Не Невский удалялся от него со скоростью степного вихря, это самого Кирилла уносило прочь, словно иссохший и невесомый осенний лист. И бороться с увлекающей в никуда силой он был не в состоянии... Скажи, какая жизнь настоящая? Залежалая иль пропащая? А никакая не лучше... Опять все понеслось, закрутилось... Ни тебя нет, ни меня.... Что это плавает, поляризуется?
Диполи, толстые диполи! Вот он, мир ионов! Лучший из возможных миров...
Он пробормотал что-то невнятное и задергался. В этот момент сердце его билось в учащенном ритме. Постаревшая Лукреция с блестящими глазами посмотрела на него равнодушно и отправилась по своим делам. Красные таблетки, с истинно змеиным хладнокровием предложенные ею доверчивому Маркову, были ЛСД – производным лизергиновой кислоты, популярным как у западных хиппи, так и у спецслужб по обе стороны океана. Популярным благодаря способности вызывать поразительно реальные галлюцинации, способности изменять восприятие времени и пространства.
Иностранка
Прибывшие командированные симпатии у доктора Бадмаева не вызывали. Один из них был лет тридцати, невысокий, лысый; другой, уже явно разменявший пятый десяток, своей внешностью очень напоминал актера Олялина. Он обладал богатой шевелюрой и был излишне подвижен. Одежда мужчин свидетельствовала об их достаточно хорошем благосостоянии, в ней присутствовала некоторая аристократическая небрежность. Кабинет доктора с их приходом наполнился ароматом дорогого импортного парфюма.
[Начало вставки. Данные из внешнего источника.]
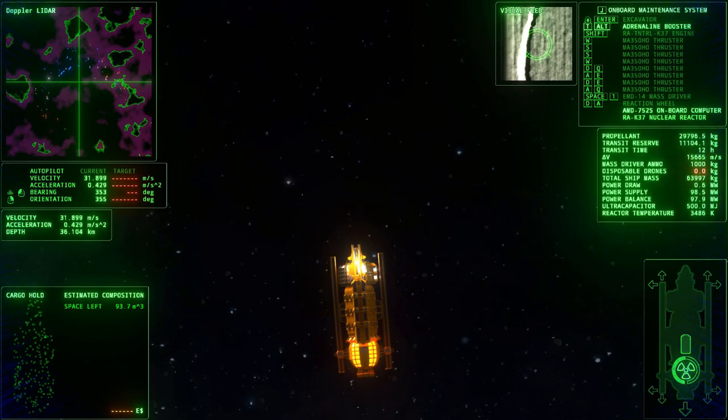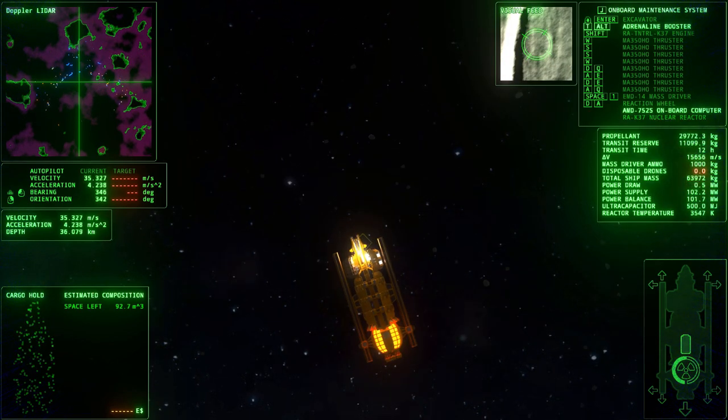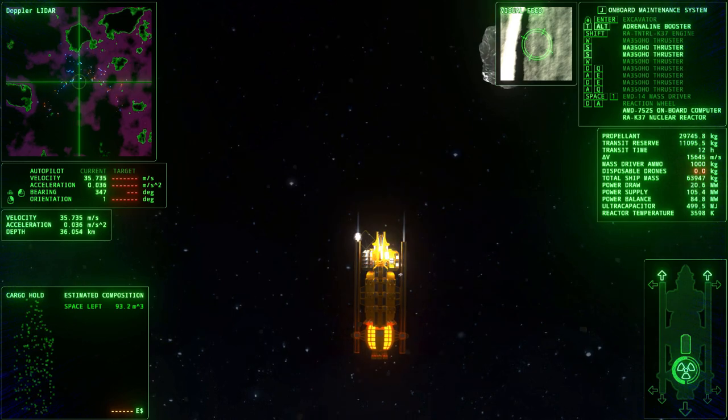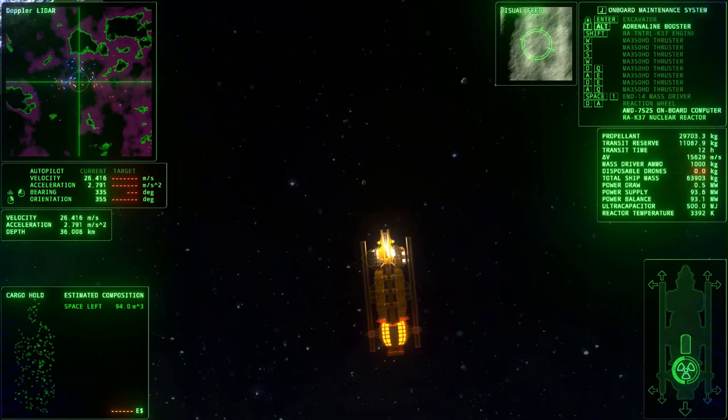Nuclear liquid thorium fuel rods last for months or even years, but provide only heat. Propellant is a separate substance that gets heated up and ejected at high pressure through thrusters. Most ships in the game use water.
– В общем, Джамсарран Баттаевич, ваше профессиональное любопытство...– начал лысый.
Бадмаев попытался жестом остановить говорившего:
– Не надо отказываться. Так вот, оно естественно и понятно. И должно быть удовлетворено. Но...
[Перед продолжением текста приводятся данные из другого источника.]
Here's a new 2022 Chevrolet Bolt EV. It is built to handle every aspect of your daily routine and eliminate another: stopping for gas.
– Только по окончании нашей программы,– подхватил «Олялин».– Видите ли, доктор, мы с Игорем Андреичем синтезировали некое новое вещество. Необходим процесс его «обкатки» перед запуском в промышленное производство. Вопрос: где лучше всего это сделать? Ответ – в Ленинграде, в вашей больнице.
– Павел, давай покороче, у человека и без нас хлопот достаточно.
– Ну, если короче... Уважаемый Джамсарран Баттаевич, наше изобретение должно облегчать частые стрессовые состояния жителя современного мегаполиса. Не давать возможности условного «скапливания» негативных психологических и поведенческих реакций. А поскольку ни оленеводы, ни шахтеры, ни советские колхозники не имеют соответствующей среды обитания, высокого образовательного уровня и устойчивой, генетически располагающей к умственной работе наследственности, мы остановили свой выбор на пяти помещениях вашей больницы. Я удовлетворил профессиональное любопытство коллеги?